Automattic / kue

Kue is a priority job queue backed by redis, built for node.js.
http://automattic.github.io/kue
MIT License
9.45k stars 862 forks source link

Delayed job processed more than once #1133

Open jkrenge opened 6 years ago

jkrenge commented 6 years ago

It's a bit hard to reproduce, and I'm not 100% sure what to share exactly.

Setup: We have one large redis in the middle, and a variety of different queues and workers connected. Each queue is being fed by at least 10 workers, and processed by another 10.

Now, I do have one specific type of job, that's enqueued with a delay (e.g. 70 hours). This job is also a bit longer, takes on average 1.8 seconds. And this is regularly being processed twice in parallel, by different workers, maybe even on different machines.

For example, I log the start of the job and got:

2017-11-16 10:56:12.733 - Job 2494621079...
2017-11-16 10:56:12.180 - Job 2494621079...

Is there anything I can do about this, or are we just cratching the top-line and may need to move to another queue system?

behrad commented 6 years ago

There should be race somewhere like here: https://github.com/Automattic/kue/blob/master/lib/kue.js#L168 that us causing a delayed job to duplicated in inactive state

jkrenge commented 6 years ago

That does make sense.
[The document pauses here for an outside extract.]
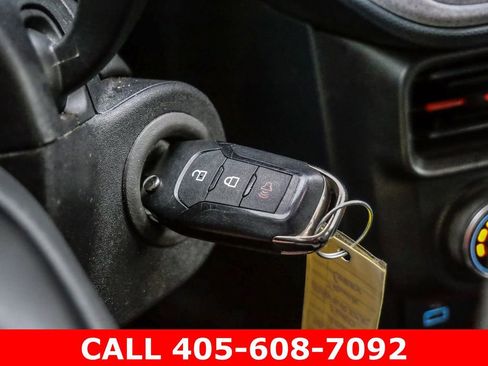 Used 2023 Ford Maverick XLT FWD image 31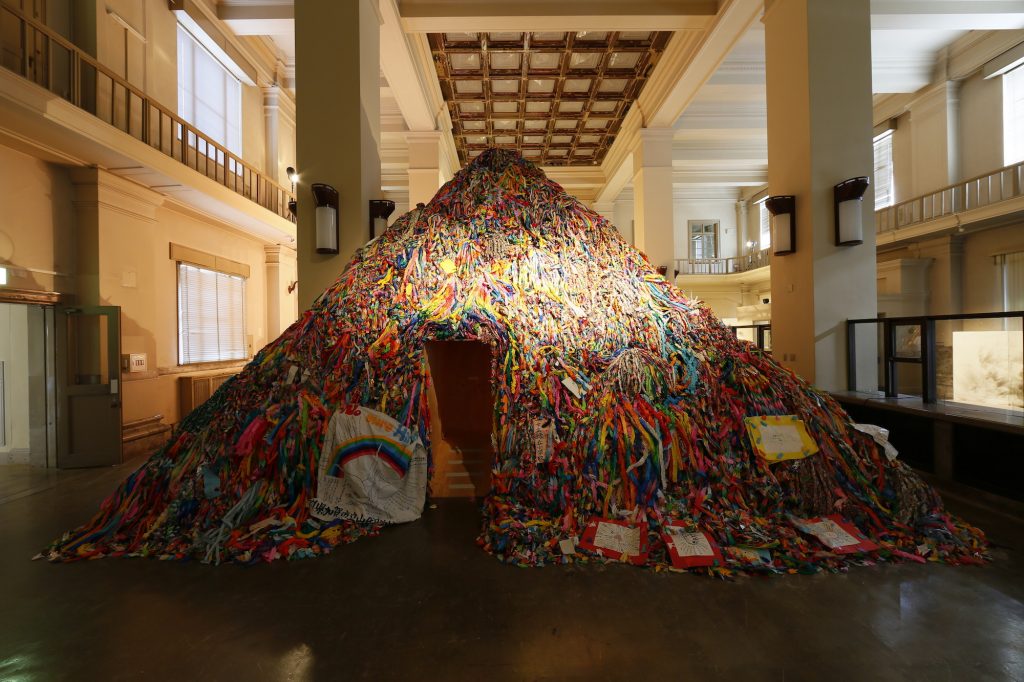 PAVILION 2013 origami crane, glass, mix-media,  Photo: Kenji Morita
So the job promotion is checked twice — by different workers — and both of them deem the job ready to be processed, and change its state to inactive. Then, I do have the same job twice in my inactive queue?

behrad commented 6 years ago

May be, however we have a lock there... but there should be a leakage! We should harden job promotion logic in v1 branch, or even make it a lua script if possible

jkrenge commented 6 years ago

As a temporary fix, is there maybe a way to wait within the worker, and re-check whether the job with this id exists twice, and then abort if it's not the job instance with the lowest timestamp?